Many warmhearted and mildly-attentive Americans say the president should have invited Sheehan to his kitchen table in Crawford for a cup of coffee and a serving of that low-calorie staple of democratic sentimentality – “dialogue.” Well.

Since her first meeting with the president, she has called him a “lying bastard,” “filth spewer,” “evil maniac,” “fuehrer” and the world’s “biggest terrorist” who is committing “blatant genocide” and “waging a nuclear war” in Iraq. Even leaving aside her not entirely persuasive contention that someone else concocted the obviously anti-Israel and inferentially anti-Semitic elements of one of her recent e-mails – elements of a sort nowadays often found woven into ferocious left-wing rhetoric – it is difficult to imagine how the dialogue would get going.

He: “Cream and sugar?”

She: “Yes, please, filth spewer.”

Do Democrats really want to embrace her variation of the Michael Moore and “Fahrenheit 9/11” school of political discourse? Evidently, yes, judging by the attendance of 12 Democratic senators at that movie’s Washington premiere in June 2004, and by the lionizing of Moore at the Democratic Convention – the ovation, the seating of him with Jimmy Carter.

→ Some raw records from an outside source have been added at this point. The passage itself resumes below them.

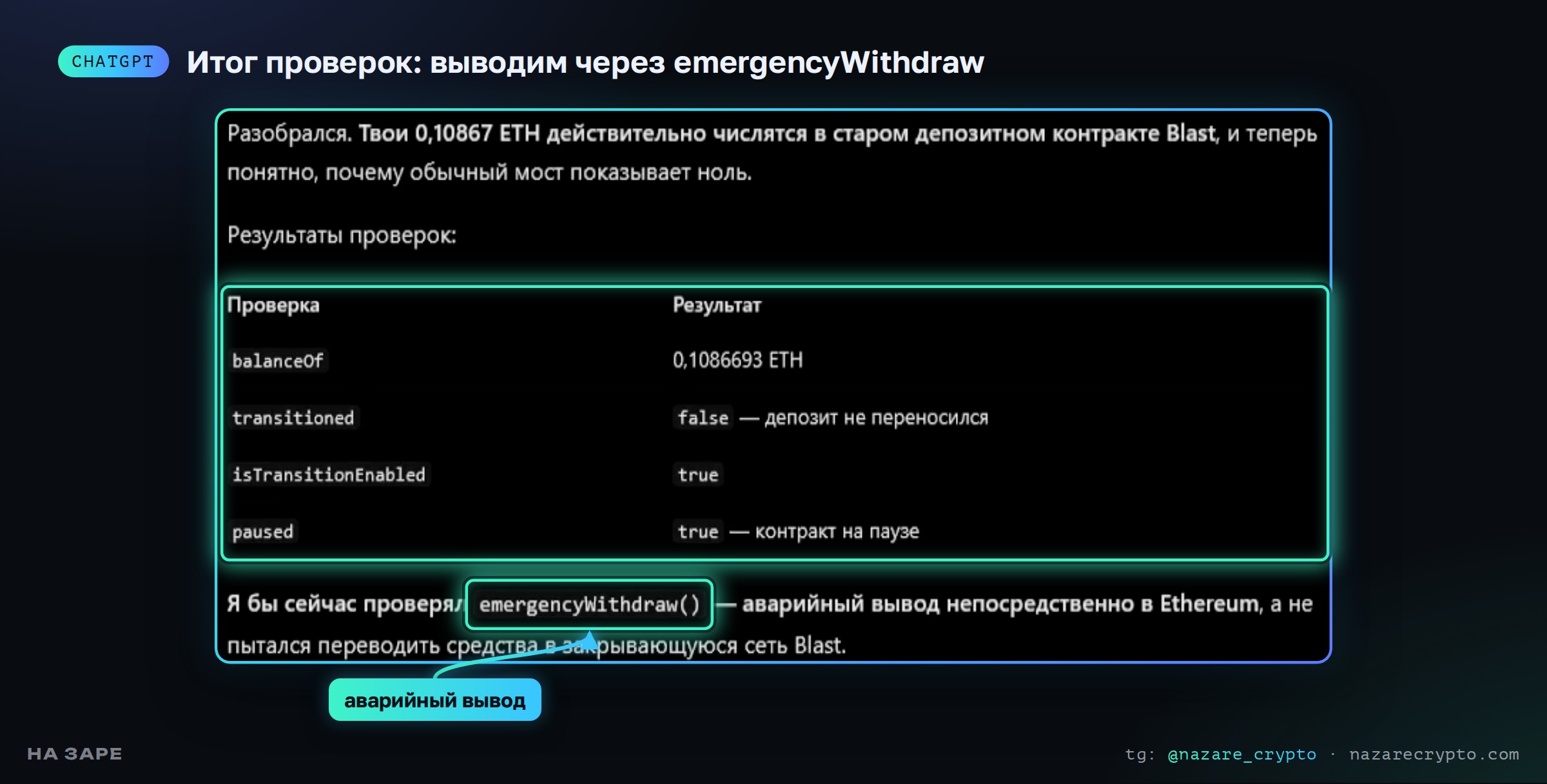 ChatGPT свёл результаты проверок в таблицу и предложил emergencyWithdraw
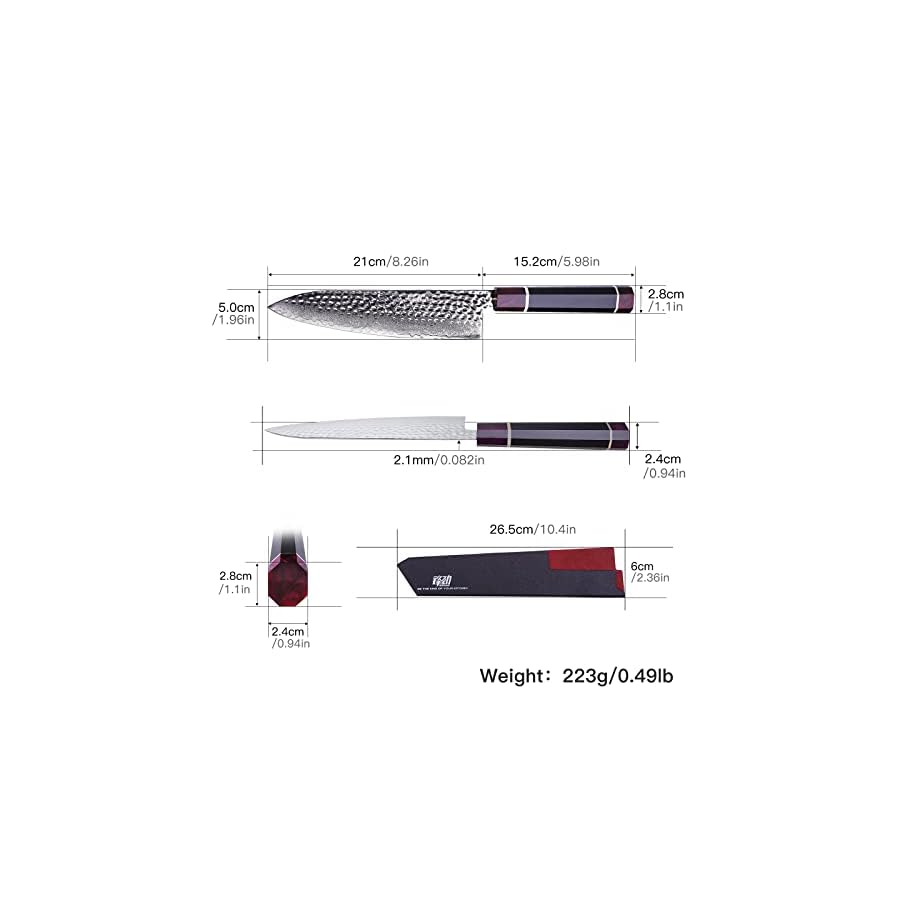 FINDKING Eternity Series Japanese Chef Knife with ABS sheath, Professional Kitchen Knife, 9Cr18MoV Damascus Steel Blade, Resin Octagonal Handle, Sharp, for Meat Cutting, 8 Inches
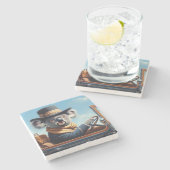 Koala Driving Steinuntersetzer (Seitenansicht)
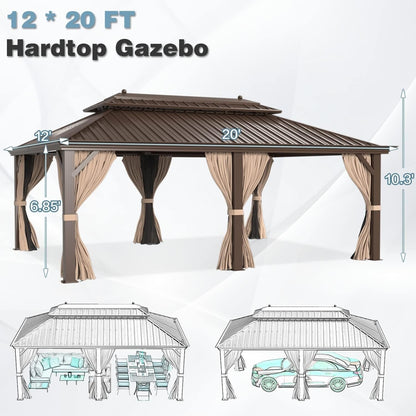 Tonnelle d'extérieur à toit rigide avec double toit en acier galvanisé et cadre en aluminium, pergola extérieure avec rideaux et filets haut de gamme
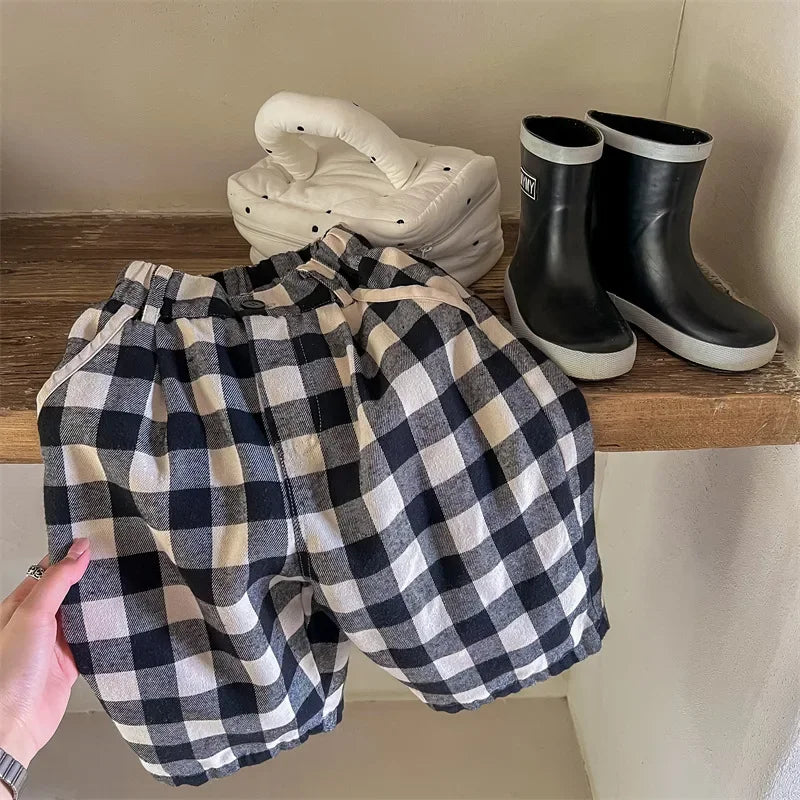 Loose Autumn Plaid Casual Trousers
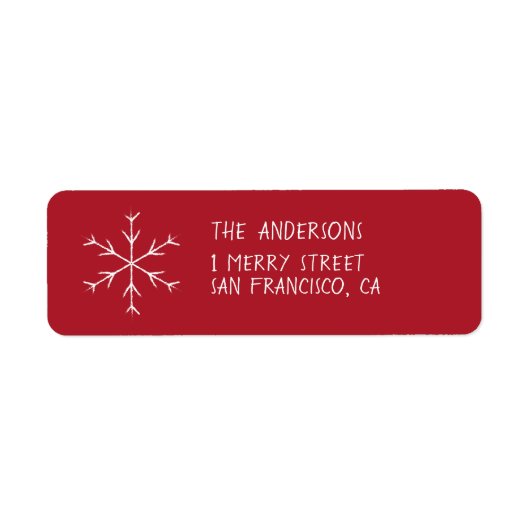 Red Address Labels mit Snowflake für Ferien (Vorne)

If liberals think that such flirtations with fanaticism had nothing to do with their 2004 defeat, they probably have nothing to learn from what conservatives did four decades earlier. But for the record:

In the 1960s, just as conservatism was beginning to grow from a fringe tendency into what it has become – the nation’s most potent persuasion – it was threatened by a boarding party of people not much, if any, loonier than Sheehan. The John Birch Society, whose catechism included the novel tenet that Dwight Eisenhower was an agent of the Kremlin, was not numerous – its membership probably never numbered more than 100,000 – but its power to taint all of conservatism was huge, particularly given the media’s eagerness to abet the tainting. Responsible conservatives, especially William F. Buckley and his National Review, repelled the boarders, driving them into the dark cave where, today, they ferociously guard the secret of their size from a nation no longer curious about it.

MoveOn.org, which claims 3.3 million members and is becoming a tone-setting tail that wags the Democratic Party dog that is mostly such tails, adopted Sheehan during her Crawford demonstration, organizing 1,627 vigils around the country to express solidarity with her. But the Democratic Party, whose democratically elected chairman is Howard (“I Hate the Republicans and Everything They Stand For”) Dean, is not ripe for lessons in temperate rhetoric, which may be why the Republican Party has far fewer worries than it deserves.

If Hillary Clinton has half the political sense her enthusiasts ascribe to her, she must be deeply anxious lest all her ongoing attempts to adopt moderation as her brand will be nullified by the increasing inclination of her party’s base to succumb to siren songs sung by the likes of Sheehan. But, then, a rapidly growing portion of the base is not just succumbing to those songs, it is singing them.